Thankfully, I am a very careful person. I have not fallen prey yet and hopefully I won't. But I remember that I have heard of several cases of Indie Authors being burned by Book Distributor deals. I heard of a story of a lady whose distributor went bankrupt and she lost her money.
I had looked into a few opportunities and last week, I actually got offered a deal. I was sent a contract and a lot of information about how it would all go down and let's just say it wasn't looking like what I had imagined. I'm not going to mention the name of the company but the marketing packages started from about $1,900 all the way up to $9,000. Automatically I knew I wasn't having them do any marketing for me. Unless I am sure of becoming a # 1 New York Times Bestseller, I'd never make my money back! Let us not forget I cannot afford it either!!! The first 3 or so of the packages (going up to $4,200) were all marketing efforts I have either made or am currently making by myself. It made me feel good that my effort on my laptop on a part-time basis everyday was seemingly worth so much.
Then I looked at the distribution contract itself. It went from a set up fee of about $500 to monthly admin fees and palet fees for storing my books. As a wise author advisor of mine just pointed out, it defeats the purpose of POD when I have to now pay for them to store my books. Let's not even start to talk about the kind of percentages that you stand to part with if you go this route.

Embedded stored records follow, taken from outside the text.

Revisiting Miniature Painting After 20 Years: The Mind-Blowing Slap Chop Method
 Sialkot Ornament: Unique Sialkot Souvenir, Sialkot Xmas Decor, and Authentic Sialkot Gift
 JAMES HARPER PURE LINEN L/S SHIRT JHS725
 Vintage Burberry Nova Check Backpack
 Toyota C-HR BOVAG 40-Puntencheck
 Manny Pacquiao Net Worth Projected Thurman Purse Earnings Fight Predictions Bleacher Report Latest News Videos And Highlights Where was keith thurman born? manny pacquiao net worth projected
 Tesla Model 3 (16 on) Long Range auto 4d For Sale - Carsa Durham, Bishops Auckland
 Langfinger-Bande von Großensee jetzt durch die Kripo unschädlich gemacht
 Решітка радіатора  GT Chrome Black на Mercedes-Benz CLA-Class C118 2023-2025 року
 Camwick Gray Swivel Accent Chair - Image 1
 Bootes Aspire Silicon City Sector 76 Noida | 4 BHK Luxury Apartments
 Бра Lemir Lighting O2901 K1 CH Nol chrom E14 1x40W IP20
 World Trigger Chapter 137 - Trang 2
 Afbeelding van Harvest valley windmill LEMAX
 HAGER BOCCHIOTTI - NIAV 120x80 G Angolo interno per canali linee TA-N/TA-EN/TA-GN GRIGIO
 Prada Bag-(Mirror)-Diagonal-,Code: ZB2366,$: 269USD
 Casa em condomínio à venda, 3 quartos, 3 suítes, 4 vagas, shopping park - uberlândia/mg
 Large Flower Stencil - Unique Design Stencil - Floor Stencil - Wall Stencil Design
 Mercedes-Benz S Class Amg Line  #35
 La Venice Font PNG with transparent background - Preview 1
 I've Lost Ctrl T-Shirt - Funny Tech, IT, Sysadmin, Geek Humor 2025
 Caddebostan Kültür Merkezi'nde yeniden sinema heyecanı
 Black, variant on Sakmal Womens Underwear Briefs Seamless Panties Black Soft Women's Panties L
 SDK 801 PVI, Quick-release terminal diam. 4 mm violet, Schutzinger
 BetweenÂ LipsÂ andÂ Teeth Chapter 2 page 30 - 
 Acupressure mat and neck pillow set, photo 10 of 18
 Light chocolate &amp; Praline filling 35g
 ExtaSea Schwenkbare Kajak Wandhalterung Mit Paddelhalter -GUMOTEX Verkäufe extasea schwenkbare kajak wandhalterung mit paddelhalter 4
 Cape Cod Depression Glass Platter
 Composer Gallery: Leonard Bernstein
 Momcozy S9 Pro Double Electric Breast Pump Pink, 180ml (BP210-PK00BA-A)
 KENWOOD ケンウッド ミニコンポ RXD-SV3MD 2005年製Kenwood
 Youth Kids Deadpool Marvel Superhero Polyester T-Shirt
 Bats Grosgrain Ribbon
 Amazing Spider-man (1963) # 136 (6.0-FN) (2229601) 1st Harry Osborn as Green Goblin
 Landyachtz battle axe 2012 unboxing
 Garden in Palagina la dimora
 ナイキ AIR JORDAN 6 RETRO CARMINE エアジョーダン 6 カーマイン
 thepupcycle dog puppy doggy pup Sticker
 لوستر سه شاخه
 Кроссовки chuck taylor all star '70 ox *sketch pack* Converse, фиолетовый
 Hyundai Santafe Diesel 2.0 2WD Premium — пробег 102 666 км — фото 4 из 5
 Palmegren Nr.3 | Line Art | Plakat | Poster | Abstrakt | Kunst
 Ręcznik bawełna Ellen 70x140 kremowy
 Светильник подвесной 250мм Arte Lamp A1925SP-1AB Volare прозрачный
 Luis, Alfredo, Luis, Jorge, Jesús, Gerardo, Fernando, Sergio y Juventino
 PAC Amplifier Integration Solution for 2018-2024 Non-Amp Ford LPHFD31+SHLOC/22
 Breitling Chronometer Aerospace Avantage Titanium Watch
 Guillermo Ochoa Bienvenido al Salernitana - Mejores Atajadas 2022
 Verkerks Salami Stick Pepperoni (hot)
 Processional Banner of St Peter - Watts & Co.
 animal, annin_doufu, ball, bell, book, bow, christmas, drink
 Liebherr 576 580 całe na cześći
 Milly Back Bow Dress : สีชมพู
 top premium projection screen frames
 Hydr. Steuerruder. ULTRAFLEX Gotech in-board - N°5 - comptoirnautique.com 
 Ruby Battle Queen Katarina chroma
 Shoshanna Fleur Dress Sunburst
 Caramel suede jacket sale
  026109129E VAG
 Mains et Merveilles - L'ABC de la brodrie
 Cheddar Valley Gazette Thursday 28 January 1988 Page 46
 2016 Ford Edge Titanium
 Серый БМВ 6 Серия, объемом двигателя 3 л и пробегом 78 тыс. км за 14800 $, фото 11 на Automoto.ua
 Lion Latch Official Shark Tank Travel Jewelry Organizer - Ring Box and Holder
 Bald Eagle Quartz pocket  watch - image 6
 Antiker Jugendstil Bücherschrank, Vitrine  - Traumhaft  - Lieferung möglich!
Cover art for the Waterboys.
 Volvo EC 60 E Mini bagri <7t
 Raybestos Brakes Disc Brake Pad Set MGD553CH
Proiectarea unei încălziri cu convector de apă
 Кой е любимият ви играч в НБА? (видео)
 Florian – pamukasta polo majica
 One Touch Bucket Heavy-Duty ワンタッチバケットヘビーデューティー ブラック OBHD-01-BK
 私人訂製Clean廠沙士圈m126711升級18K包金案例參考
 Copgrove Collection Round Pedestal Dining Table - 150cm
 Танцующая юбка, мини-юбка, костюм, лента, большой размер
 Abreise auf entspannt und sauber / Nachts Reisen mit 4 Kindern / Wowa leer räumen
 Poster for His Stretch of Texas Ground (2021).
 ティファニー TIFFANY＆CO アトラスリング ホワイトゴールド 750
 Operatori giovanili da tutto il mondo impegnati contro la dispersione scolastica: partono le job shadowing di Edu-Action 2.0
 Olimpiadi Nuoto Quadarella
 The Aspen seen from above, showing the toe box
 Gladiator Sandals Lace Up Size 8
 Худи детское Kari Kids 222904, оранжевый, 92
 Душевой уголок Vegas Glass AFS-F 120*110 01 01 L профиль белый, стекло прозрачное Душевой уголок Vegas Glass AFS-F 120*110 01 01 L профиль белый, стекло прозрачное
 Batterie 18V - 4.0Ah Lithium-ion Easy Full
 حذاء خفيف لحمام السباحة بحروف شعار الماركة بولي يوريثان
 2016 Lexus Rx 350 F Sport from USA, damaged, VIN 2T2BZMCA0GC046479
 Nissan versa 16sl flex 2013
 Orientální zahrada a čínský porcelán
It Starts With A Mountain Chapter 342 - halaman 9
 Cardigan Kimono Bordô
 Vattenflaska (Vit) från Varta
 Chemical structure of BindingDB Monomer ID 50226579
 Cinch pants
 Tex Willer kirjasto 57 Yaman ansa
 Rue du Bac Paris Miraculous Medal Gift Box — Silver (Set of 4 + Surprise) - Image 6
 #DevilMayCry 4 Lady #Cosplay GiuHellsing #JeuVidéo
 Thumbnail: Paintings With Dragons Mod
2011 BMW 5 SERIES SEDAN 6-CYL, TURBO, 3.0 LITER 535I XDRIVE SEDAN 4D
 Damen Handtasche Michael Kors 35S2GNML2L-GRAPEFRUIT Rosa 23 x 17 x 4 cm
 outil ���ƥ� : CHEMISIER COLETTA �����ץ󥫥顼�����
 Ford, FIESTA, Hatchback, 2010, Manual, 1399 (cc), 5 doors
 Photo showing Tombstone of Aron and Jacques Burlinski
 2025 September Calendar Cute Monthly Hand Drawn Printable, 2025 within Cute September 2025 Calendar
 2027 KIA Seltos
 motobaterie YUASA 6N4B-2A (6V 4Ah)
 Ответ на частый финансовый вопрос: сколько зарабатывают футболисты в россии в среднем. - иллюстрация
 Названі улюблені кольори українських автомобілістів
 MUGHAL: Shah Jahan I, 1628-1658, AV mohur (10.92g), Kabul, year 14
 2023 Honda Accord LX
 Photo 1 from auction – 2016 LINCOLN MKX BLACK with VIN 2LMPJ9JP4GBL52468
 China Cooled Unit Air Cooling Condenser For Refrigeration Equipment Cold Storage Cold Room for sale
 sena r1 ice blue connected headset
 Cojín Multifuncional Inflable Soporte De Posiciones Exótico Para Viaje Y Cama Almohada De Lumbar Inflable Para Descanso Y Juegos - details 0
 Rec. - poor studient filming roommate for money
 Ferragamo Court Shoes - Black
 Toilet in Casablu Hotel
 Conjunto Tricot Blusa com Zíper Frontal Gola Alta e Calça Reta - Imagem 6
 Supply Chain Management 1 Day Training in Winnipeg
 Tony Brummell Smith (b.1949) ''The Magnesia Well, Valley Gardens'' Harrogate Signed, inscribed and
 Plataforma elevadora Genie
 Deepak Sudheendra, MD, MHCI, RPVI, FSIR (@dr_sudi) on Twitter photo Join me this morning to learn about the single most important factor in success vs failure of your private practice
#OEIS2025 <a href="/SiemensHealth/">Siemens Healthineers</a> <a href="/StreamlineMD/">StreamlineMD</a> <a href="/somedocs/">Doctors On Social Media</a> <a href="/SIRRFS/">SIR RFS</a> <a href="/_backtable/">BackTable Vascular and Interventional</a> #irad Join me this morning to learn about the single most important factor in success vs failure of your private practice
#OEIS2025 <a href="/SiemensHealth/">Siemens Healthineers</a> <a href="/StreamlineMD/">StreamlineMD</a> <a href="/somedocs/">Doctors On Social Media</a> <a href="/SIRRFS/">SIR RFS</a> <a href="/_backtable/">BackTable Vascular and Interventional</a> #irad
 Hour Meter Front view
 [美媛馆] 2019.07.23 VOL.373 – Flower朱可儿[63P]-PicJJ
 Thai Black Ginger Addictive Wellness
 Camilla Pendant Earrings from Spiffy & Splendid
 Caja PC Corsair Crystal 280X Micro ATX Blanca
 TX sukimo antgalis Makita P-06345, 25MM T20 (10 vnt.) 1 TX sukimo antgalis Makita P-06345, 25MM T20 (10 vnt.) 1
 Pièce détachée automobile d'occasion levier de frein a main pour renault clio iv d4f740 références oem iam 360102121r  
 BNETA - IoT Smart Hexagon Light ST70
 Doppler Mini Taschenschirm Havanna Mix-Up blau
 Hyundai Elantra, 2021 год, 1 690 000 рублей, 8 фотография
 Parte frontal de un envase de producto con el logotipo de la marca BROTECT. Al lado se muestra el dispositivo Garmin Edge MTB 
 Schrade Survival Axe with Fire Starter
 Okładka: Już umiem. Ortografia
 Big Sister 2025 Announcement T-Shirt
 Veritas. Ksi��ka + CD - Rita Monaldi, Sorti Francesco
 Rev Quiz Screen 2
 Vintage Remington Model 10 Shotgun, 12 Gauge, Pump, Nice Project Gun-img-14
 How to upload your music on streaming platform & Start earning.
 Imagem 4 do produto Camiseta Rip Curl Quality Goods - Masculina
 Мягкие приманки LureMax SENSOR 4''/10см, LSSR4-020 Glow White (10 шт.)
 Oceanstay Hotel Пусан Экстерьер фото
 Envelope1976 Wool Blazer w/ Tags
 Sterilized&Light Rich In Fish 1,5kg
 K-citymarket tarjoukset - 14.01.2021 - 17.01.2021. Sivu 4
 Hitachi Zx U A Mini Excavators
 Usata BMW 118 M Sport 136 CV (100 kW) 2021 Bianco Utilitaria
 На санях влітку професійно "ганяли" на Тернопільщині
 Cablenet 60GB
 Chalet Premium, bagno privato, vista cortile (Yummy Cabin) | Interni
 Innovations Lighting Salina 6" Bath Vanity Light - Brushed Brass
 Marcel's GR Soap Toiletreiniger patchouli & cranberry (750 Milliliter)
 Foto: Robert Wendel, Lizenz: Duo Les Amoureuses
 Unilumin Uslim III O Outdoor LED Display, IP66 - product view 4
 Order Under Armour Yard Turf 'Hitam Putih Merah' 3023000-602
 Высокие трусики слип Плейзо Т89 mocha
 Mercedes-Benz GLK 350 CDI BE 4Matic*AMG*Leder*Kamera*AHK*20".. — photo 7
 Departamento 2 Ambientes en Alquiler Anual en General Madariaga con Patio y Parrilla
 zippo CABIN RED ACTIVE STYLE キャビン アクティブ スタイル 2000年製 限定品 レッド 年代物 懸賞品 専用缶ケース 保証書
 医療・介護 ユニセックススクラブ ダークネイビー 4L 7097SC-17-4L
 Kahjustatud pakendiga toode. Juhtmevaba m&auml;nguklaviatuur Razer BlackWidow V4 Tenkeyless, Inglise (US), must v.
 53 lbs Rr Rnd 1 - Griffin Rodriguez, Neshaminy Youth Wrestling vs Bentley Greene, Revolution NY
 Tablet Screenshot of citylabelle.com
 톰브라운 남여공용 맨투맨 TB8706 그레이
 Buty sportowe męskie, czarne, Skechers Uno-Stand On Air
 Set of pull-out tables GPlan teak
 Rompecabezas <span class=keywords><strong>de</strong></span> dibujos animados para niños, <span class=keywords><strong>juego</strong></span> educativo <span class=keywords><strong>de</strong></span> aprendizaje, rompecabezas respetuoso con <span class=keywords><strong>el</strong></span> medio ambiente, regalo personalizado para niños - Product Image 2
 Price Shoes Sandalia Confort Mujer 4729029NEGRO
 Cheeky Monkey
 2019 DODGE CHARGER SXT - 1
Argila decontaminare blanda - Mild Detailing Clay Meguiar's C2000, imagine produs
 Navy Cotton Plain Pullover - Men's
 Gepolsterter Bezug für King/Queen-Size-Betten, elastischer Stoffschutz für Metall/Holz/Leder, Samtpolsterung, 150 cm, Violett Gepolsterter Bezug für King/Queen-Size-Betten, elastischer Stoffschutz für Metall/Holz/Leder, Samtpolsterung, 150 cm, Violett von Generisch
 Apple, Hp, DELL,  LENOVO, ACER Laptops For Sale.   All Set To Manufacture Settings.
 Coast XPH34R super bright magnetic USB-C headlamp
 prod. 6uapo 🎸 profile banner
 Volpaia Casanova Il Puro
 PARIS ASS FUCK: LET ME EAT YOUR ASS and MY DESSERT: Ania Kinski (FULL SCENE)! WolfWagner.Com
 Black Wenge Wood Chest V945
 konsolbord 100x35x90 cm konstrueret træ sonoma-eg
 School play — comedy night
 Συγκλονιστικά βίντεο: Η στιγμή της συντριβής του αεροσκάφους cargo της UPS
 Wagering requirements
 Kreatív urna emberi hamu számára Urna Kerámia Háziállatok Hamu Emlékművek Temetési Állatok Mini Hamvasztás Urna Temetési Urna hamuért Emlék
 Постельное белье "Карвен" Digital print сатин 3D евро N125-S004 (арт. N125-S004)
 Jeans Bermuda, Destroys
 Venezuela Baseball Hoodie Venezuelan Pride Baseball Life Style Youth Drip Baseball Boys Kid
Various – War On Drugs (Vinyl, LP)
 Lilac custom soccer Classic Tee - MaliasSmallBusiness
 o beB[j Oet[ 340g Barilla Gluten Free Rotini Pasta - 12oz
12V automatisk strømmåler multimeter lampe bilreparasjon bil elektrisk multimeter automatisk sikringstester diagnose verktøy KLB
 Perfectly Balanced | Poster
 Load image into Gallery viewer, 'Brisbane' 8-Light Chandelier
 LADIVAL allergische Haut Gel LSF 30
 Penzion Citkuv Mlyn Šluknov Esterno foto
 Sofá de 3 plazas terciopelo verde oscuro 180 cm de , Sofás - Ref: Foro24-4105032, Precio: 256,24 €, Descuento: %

They say they are affiliated with Ingram, Baker and Taylor and will get my book into the big three stores: Barnes and Noble, Borders and Booksamillion. I know of Indie authors who have done that by themselves and I am in the process of doing the same.
So, except for the prospect of spending less time in front of the laptop and more time with my family and in the kitchen cooking, I really do not see what they can do for me. Any distributorship they are able to pull off still depends on my marketing since their marketing packages are not affordable.
In fairness to the distributors, their services are probably worth what they charge as they have salaries to pay and overhead costs too. It just makes me feel good about myself to know that the efforts I have been making to promote my book are actually worth several thousand dollars. The real question is this: "Do I need their services however?"
I do not have all the answers yet but I seem to smell a rat! More importantly, I just need to trust myself and what I can achieve with my own efforts. All I will say is, be careful before getting into those deals. I have found one very comprehensive article about this on the net and you can click here to access Apples and Oranges: An Analysis and Comparison of Distributor Agreements by Ivan Hoffman. Please click here for Articles for Writers and Publishers which contain a long list of articles that help writers in general with legal issues as well as two more articles on issues with book distribution, also by Ivan Hoffman.
Whatever I do decide concerning Book Distribution however, I hope it's the right decision.